Anna is an associate of Trinity College London (Theory) in Speech and Drama and has a Dip. Adult Education Training and Development (UCT).

Not only will Anna help the gender imbalance on the Board but her involvement in outreach will be of value. We believe that with her interests in welfare, outreach and service to the community, she will be an asset.

Greg Flash has been involved with the CSO and the WP Zionist Youth Council.

As former president and Board member of the CT Progressive Jewish Congregation and Western Cape Regional chairman of the South African Union of Progressive Judaism, his presence round the board will help ensure the religious diversity of the Cape Council, which represents all Western Cape Jews. He was a former Netzer Maginim madrich and Rosh Machaneh, attending a year’s Machon programme in Israel. He has an MSc in Biomedical Engineering.

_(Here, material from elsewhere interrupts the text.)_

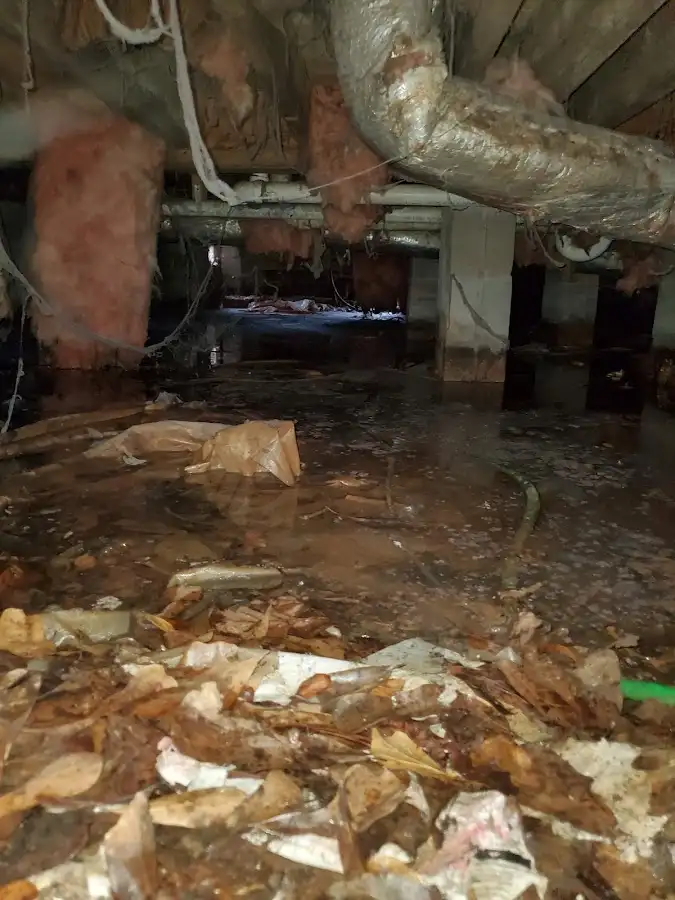 Crawl space flood assessment for Commercial Water Damage Restoration in Hillsdale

Greg says that he is keen to serve on the Cape Council as he wishes to be of service to the Cape Town and South African Jewish community as a whole.

“Being part of a community requires involvement,” he says. “I believe that there is much fragmentation and misunderstanding in the community, which is damaging to all. I also wish to engage more with the greater Cape Town community as I believe that as we shrink as a Jewish community we become more isolated, which only serves to endanger us more.“

Saul Kaplan is head of Grade 11 and Jewish Studies at Herzlia High School. He ran UHS’ JIPSY department and was a member of the UOS Education committee. He was deputy head boy at Yeshiva College, Johannesburg and was the chairman of Johannesburg Bnei Akiva. Saul has a BCom and a PGD (Investment and Portfolio Management) and is a graduate of the UJC Young Leadership course. He is also a fellow of the Nachum Goldmann Foundation.

Saul wanted to be involved in the activities of the Board of Deputies which he sees as the premier communal organisation that drives the community because, as he says, he has been involved in communal life as long as he can remember.

His hope is to bring a fresh impetus to the Board and to try to involve younger members of the community in communal activities.

Chairman of the Board, Owen Futeran, welcomed the new members onto the Cape Council. Representing as they do women, men, Orthodox and Progressive, Bnei Akiva and Netzer, as well as the youth, he noted that the enthusiasm, range of interest and idealism they would bring to meetings would ensure that the new Cape Council could look forward to a stimulating two years in office.